Avec ce roman Christian Laval, universitaire reconnu pour ses travaux sur Marx[1] et sur le Commun[2], imagine avec amusement un Marx plaisamment débarrassé de sa barbe et qui revêt à l’occasion quelque tenue « traditionnelle » ou emprunte de nouvelles manières de faire et de penser. Mais sous sa plume Clever-Fox ne devient jamais un simple personnage de comédie.

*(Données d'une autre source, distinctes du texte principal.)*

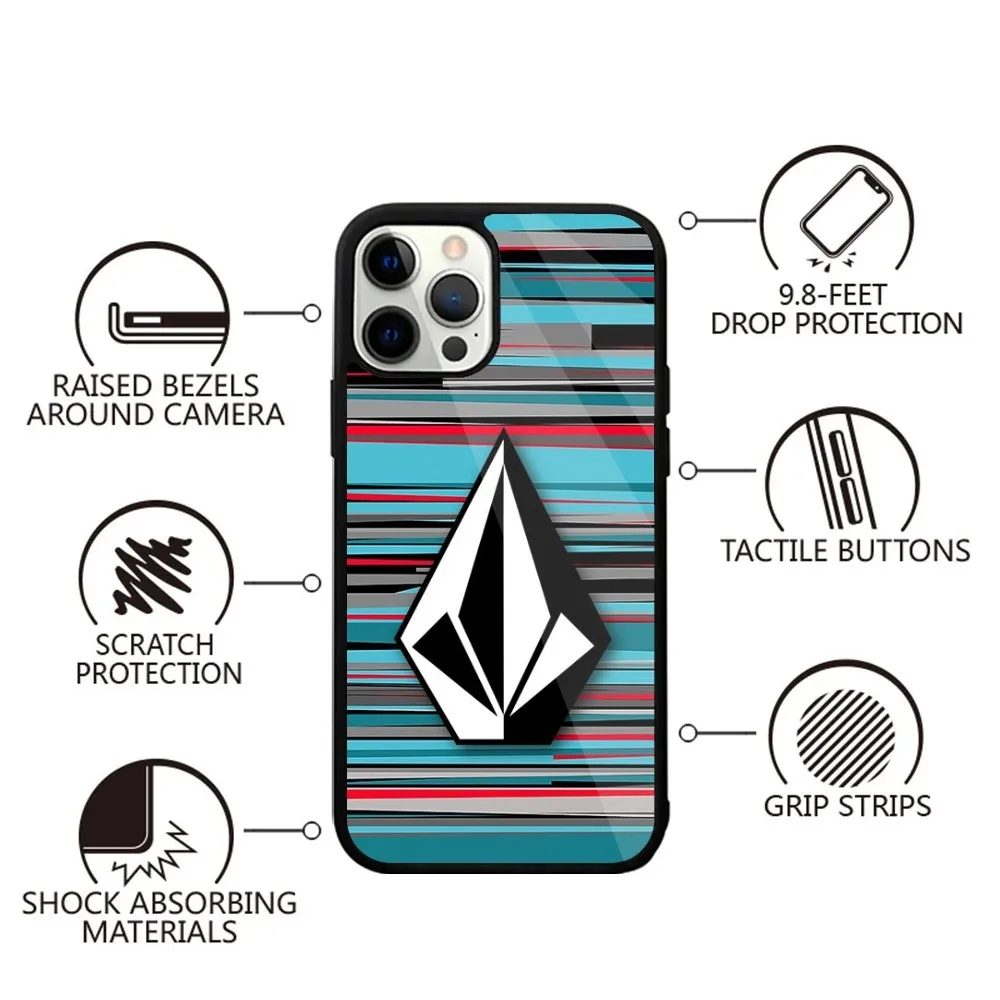 Fashion V-Volcom Sport Style Phone Case Strong Magnetic For IPhone15,14,13,Pro,Max,Plus,11,12,Mini For Magsafe Wireless Charging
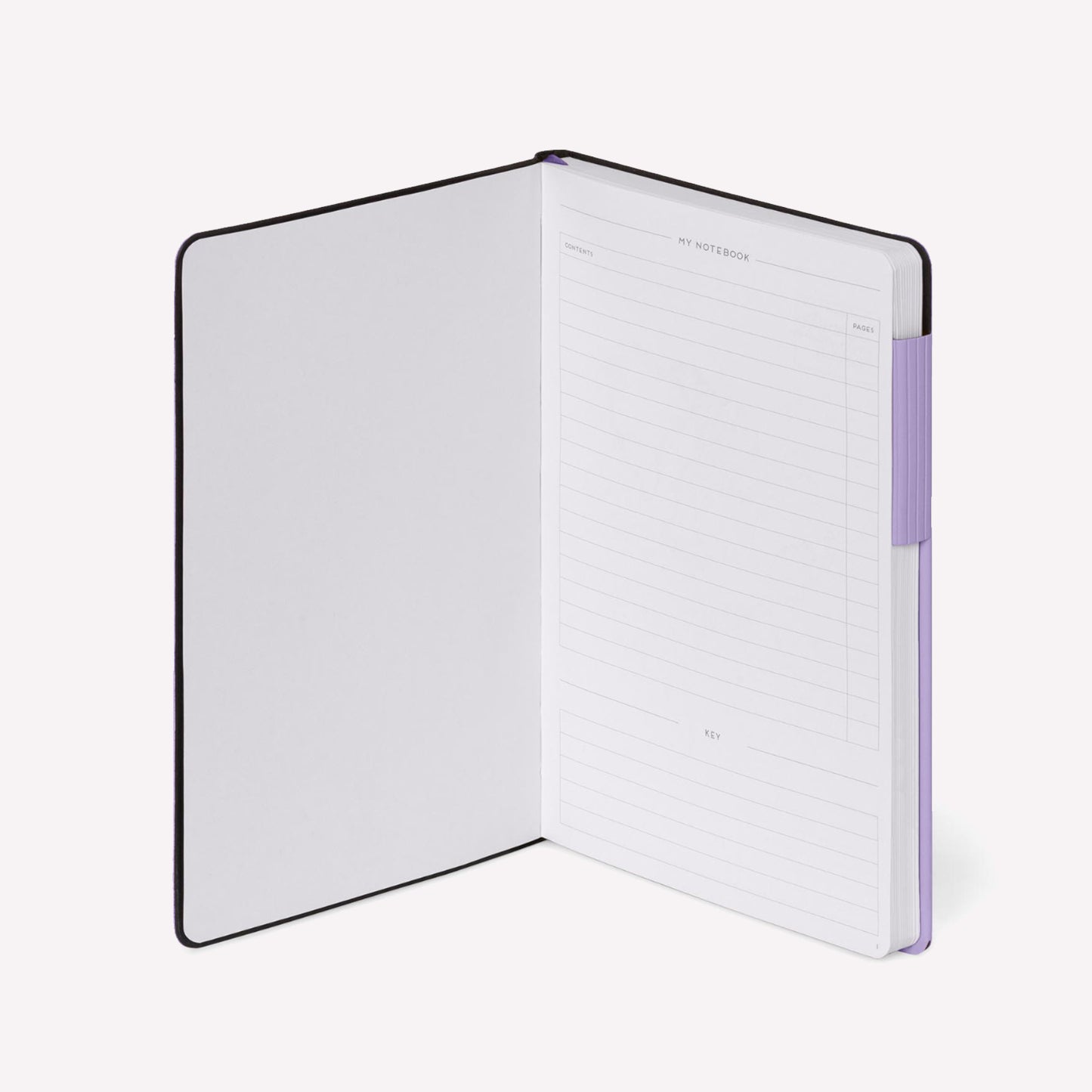 Legami "my notebook" dotted bullet journal with lavender cover open to show contents page. 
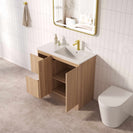 Rita 900mm L/R Freestanding Bathroom Vanity Cabinet in Elegant Oak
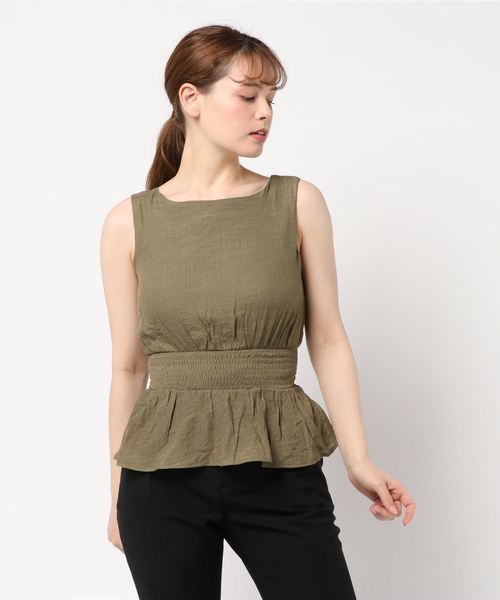 KOBE LETTUCE(コウベレタス)の「楊柳ウエストシャーリングノースリーブブラウス【セットアップOK】(シャツ/ブラウス・レディース・ベージュ/ネイビー/オフホワイト/カーキ/ピンク/イエロー/オレンジ/ブルー・FREE)」の5枚目の写真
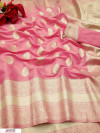 Baby pink color soft cotton silk weaving work saree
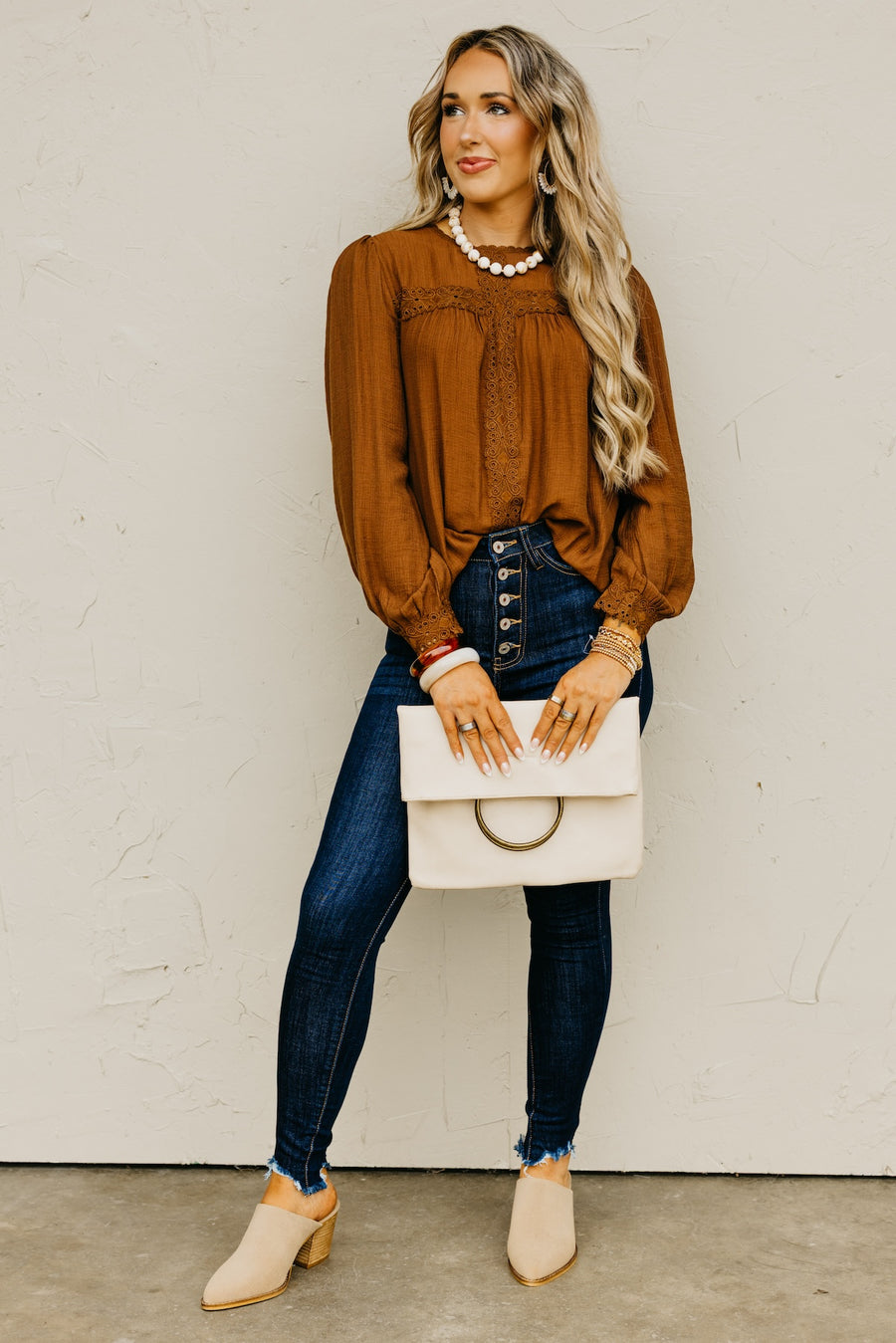 The Anya Lace Detail Woven Blouse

Toute la force et l’originalité du roman tiennent dans cet alliage d’une situation audacieuse et burlesque – imaginer un Marx d’un autre temps, d’un autre lieu et qui prête parfois à sourire – avec des réflexions profondes et érudites, finalement au service d’une philosophie. A la manière des contes philosophiques du XVIIIe siècle et fort d’une érudition rare et d’une connaissance puissante et décidée de l’œuvre comme de la vie de Marx, Christian Laval met en scène avec élégance et malice les réflexions renouvelées de ce nouveau Marx.
Mais un nouveau Marx qui n’est pas le fruit d’une imagination trop facilement débridée ; il est au contraire systématiquement et scrupuleusement lié et relié au Marx historique, au Marx du Capital, des Grundrisse, des Manuscrits de 1844 comme de La guerre civile en France. De sorte que ce roman, pédagogique par certains aspects, peut tout à la fois apparaître comme une introduction à l’œuvre de Marx ou sa possible prolongation érudite.
A travers de multiples dialogues et situations, parfois comiques, l’auteur aborde avec profondeur les théories de Proudhon ou l’œuvre de Shakespeare, la question des vertus de la violence ou de la délégation en politique, Rousseau ou les progrès de l’agriculture, la « tragédie de la propriété »… L’amour et l’amitié. Avec toujours une attention particulière pour l’ethnologie et l’anthropologie, sciences qui font finalement le lien entre Marx et Clever-Fox.
Se dessinent alors progressivement une ambition et une conviction, assurément plus propres à l’auteur lui-même. L’ambition est en quelque sorte l’expression du programme philosophique, politique et scientifique auquel nous devrions aujourd’hui urgemment nous confronter : « La science et le mythe, la technique et la réciprocité, l’individu et le groupe, les livres et la Terre, comment concilier tout ça ? Serait-ce un jour possible de croiser les mondes, de les altérer les uns par les autres ? se demandait [Clever Fox], inquiet de la tâche à accomplir pour qu’une nouvelle philosophie puisse un jour naître et se réaliser ».
Tâche ou ambition immenses en effet, incertaine assurément, mais pour laquelle Christian Laval, soucieux de ne pas trop nous en inquiéter, nous livre finalement sa conviction comme une clé pour notre propre avenir : « la patience du commun fera tout ».
[1] Marx, prénom Karl, avec Pierre Dardot, Gallimard, NRF Essais, 2012.
[2] Commun, Essai sur la révolution au XXIe siècle, avec Pierre Dardot, La Découverte, 2015 et Instituer les mondes, Pour une cosmopolitique des communs, avec Pierre Dardot, La Découverte, 2025.